Speaking of friends, I owe a debt or gratitude to Christine Szego, who provides daily criticisms and support from her store, Bakka Phoenix, in Toronto. Thanks Christine!

My interpretation of Alexander and his world – which is also Kineas’s world, and Philokles’s world, and Thais’s world, and Ptolemy’s world – began with my desire to write a book that would allow me to discuss the serious issues of war and politics that are around all of us today. I was returning to school and returning to my first love – Classical history. I am also an unashamed fan of Patrick O’Brian, and I wanted to write a series with depth and length that would allow me to explore the whole period, with the relationships that define men, and women, in war and peace – not just one snippet. The combination – Classical history, the philosophy of war, and the ethics of the world of arête – gave rise to the volume you hold in your hand.

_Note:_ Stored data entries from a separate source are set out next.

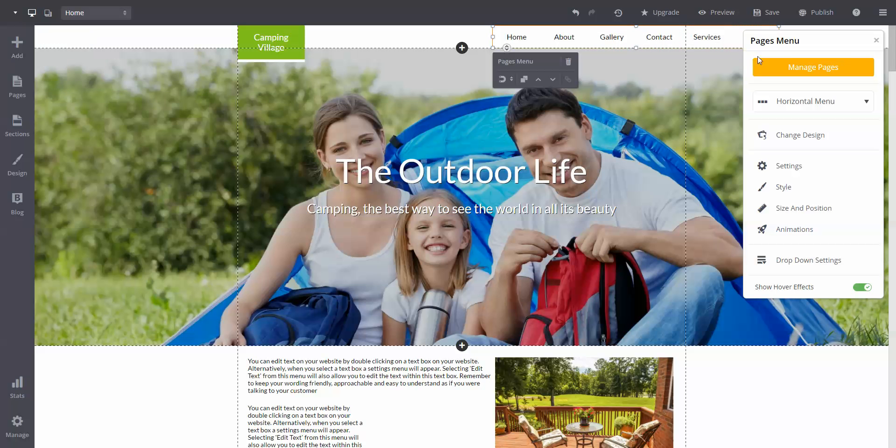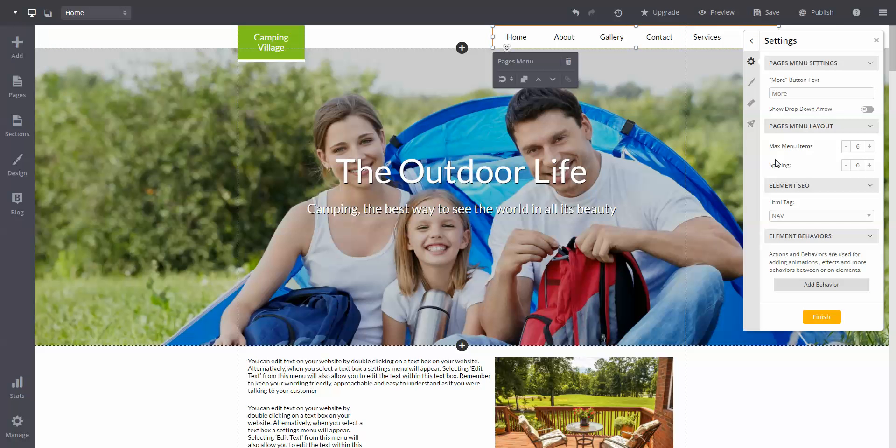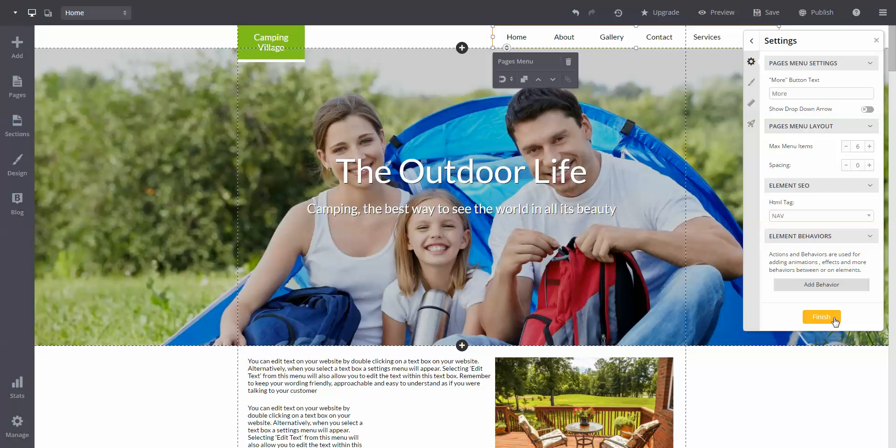Next, we will go back to the pages menu and click on settings. Under the pages menu layout section, you can increase or decrease the max amount of pages that will be shown on the navigation bar. After you're done here, just click the orange finish button.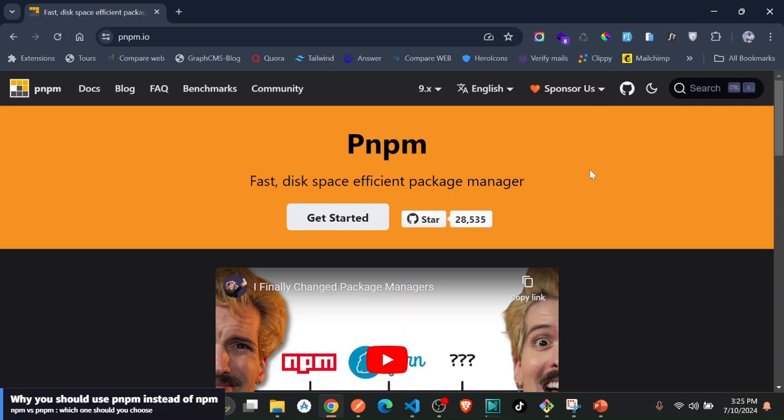Hello members, in this short video I just want to show you or tell you why I'm shifting from npm and I'm going to pnpm. I've been using npm and yarn for so long.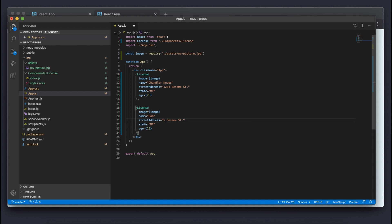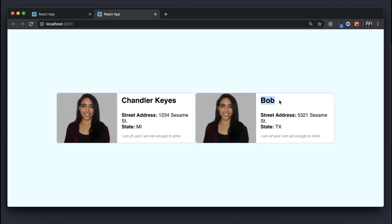I want to quickly show how easy it is to reuse components once we introduce props. I can copy and paste the license component, pass in new information — a different name, address, say Bob is from Texas and is 42 — and we get a whole new license card without copying any HTML. As you can see, it is super easy to reuse components, and that is why I love React. If you have comments or questions, leave them below. Stay tuned for the next tutorials covering React hooks and the useState hook.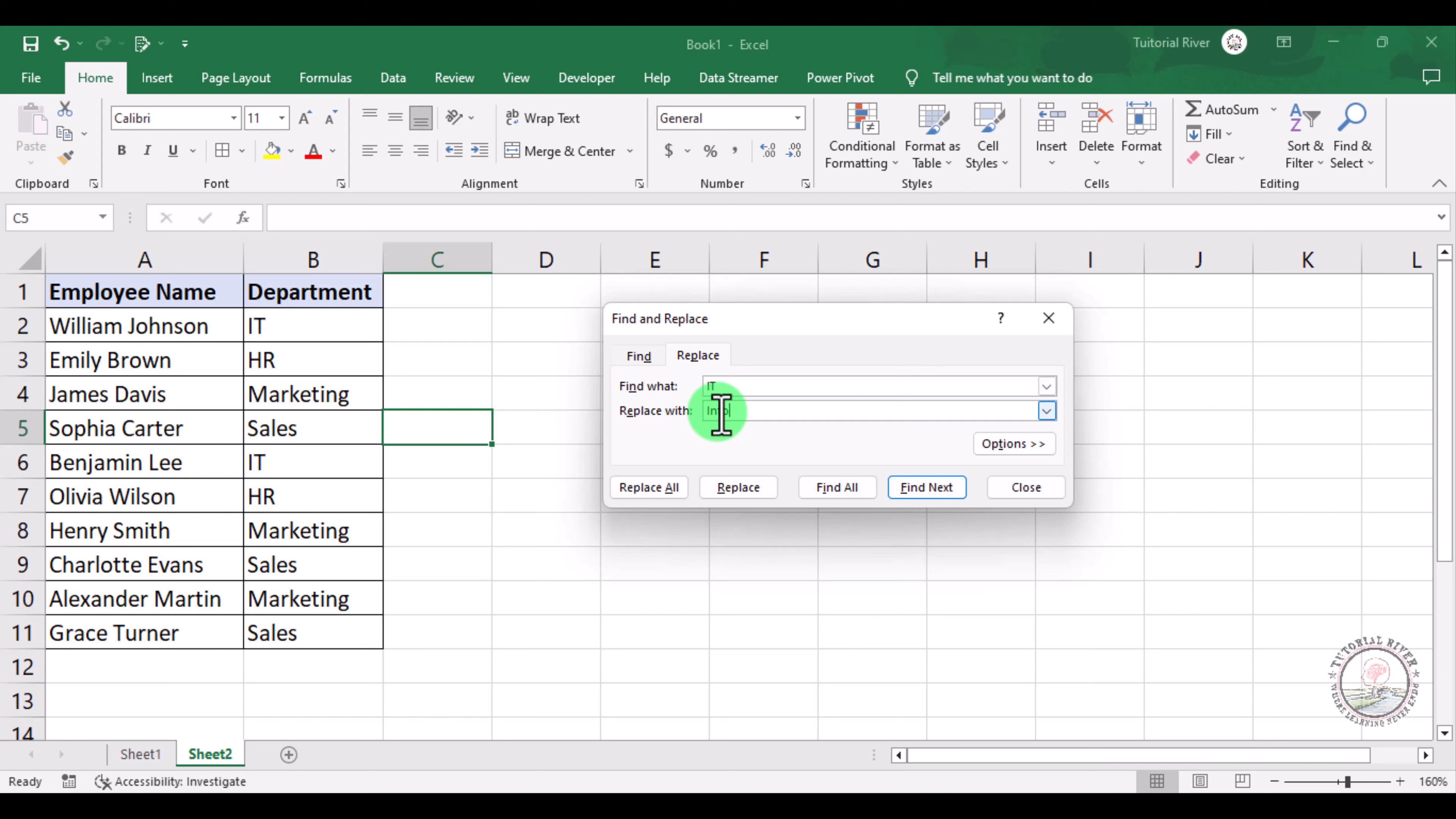So if we now click Replace All, it will replace all the IT with Information Technology. Let's see.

Along the way, I met Professor Wallace and Professor Young, both very learned men with long association to the University of Toronto. Professor Wallace answered any question that I asked him, providing me with sources and sources and sources, introducing me to the labyrinthine wonders of Diodorus Siculus, and finally, to T. Cuyler Young. Cuyler was kind enough to start my education on the Persian Empire of Alexander’s day, and to discuss the possibility that Alexander was not infallible, or even close to it. I wish to give my profoundest thanks and gratitude to these two men for their help in recreating the world of fourth century BC Greece, and the theory of Alexander’s campaigns that underpins this series of novels. Any brilliant scholarship is theirs, and any errors of scholarship are certainly mine. I will never forget the pleasure of sitting in Professor Wallace’s office, nor in Cuyler’s living room, eating chocolate cake and debating the myth of Alexander’s invincibility. Both men have passed on now, since this book was written, but none of the Tyrant books would have been the same without them. They were great men, and great academics – the kind of scholars who keep civilization alive.

I’d also like to thank the staff of the University of Toronto’s Classics department for their support, and for reviving my dormant interest in Classical Greek, as well as the staffs of the University of Toronto Library and the Toronto Metro Reference Library for their dedication and interest. Libraries matter!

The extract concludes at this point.